The present invention relates generally to electrical power conversion systems and more particularly to active front end power converters with failure prevention using peak detection with decay. Power conversion systems supply power to a load by conversion of input power to output power of a different form. Active front end power converters include a switching rectifier stage that receives AC input power at a line frequency and converts the AC power to provide a DC bus voltage or DC link current to a load, which may be a subsequent power converter stage. In motor drives, for example, the DC power from the active front end is used by a subsequent inverter to create variable frequency AC output power to drive a motor. In wind energy systems, an active front end receives AC input power provided by a wind turbine generator, and converts this into DC power for use by a subsequent inverter stage that provides energy at a controlled phase and frequency to a power grid. In motor drives and other power converter applications, the IGBTs or other switching devices of the active front end can be damaged or degraded by excessive currents that may result from unbalanced phase voltages stemming from various faults or noise sources present in a power distribution system.
In the past, these problems have been addressed by oversizing the active rectifier switching devices to accommodate source imbalance situations or by operating the converter below rated output to prevent switching component damage or degradation. U.S. Pat. No. 7,355,865 to Royak et al., assigned to Rockwell Automation Technologies, Inc., provides control of second order harmonics in voltage imbalance situations using current regulation in the stationary reference frame, the entirety of which patent is hereby incorporated by reference herein. U.S. Pat. No. 8,009,450 to Royak et al., assigned to Rockwell Automation Technologies, Inc., describes compensating voltage command values for individual phases according to line voltage imbalances to provide balanced phase currents in the presence of unbalanced phase supply line voltages, the entirety of which patent is hereby incorporated by reference herein. Many power conversion systems also include shutdown circuitry for overcurrent protection, which is triggered by detecting a dangerous level of instantaneous peak current, sometimes referred to as an overcurrent level or IOC. In these systems, the trigger level is typically set to a value higher than rated current, such as about 220% of rated current. Certain power distribution fault conditions, however, may involve current levels sufficient to cause thermal stress to IGBTs even though the instantaneous current does not exceed the IOC level. For instance, the RMS value of one or more individual phase currents resulting from some faults in a Grid may be quite large and potentially cause thermal damage to an active rectifier switching device, while the corresponding instantaneous current values remain below the IOC level.

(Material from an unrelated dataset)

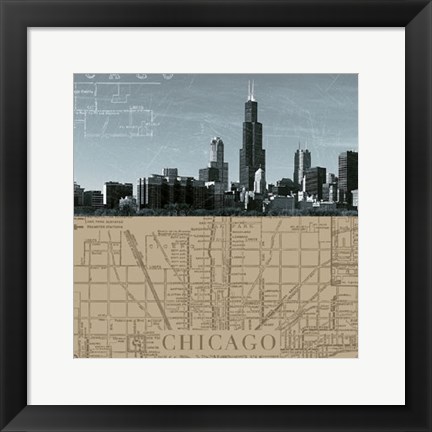 Framed Chicago Map I Print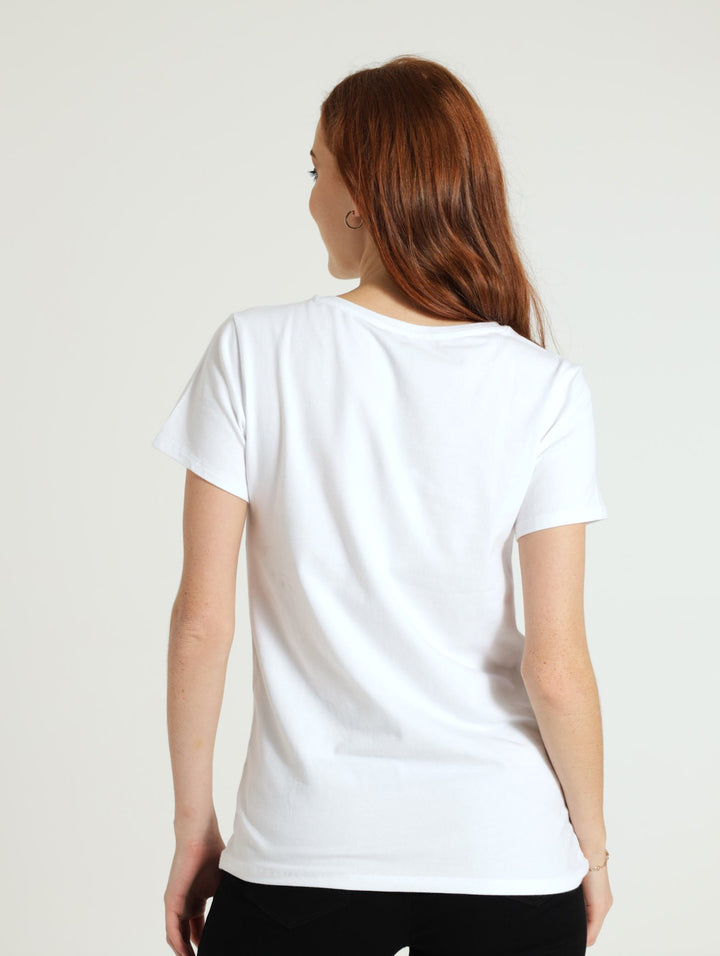 Tee With Diamante Logo - White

Other fault conditions can be caused by generation of current and voltage spikes on power lines that feed motor drives or other power conversion systems. For instance, welding equipment and other electrical noise sources may be connected to a power system, and thermal of overloading of active front end switching devices may result even if there is no fault in a Grid or resulting phase voltage unbalance condition. Consequently, a need remains for improved power conversion systems and techniques for protecting active front end switching devices against noise and voltage or current imbalance fault conditions.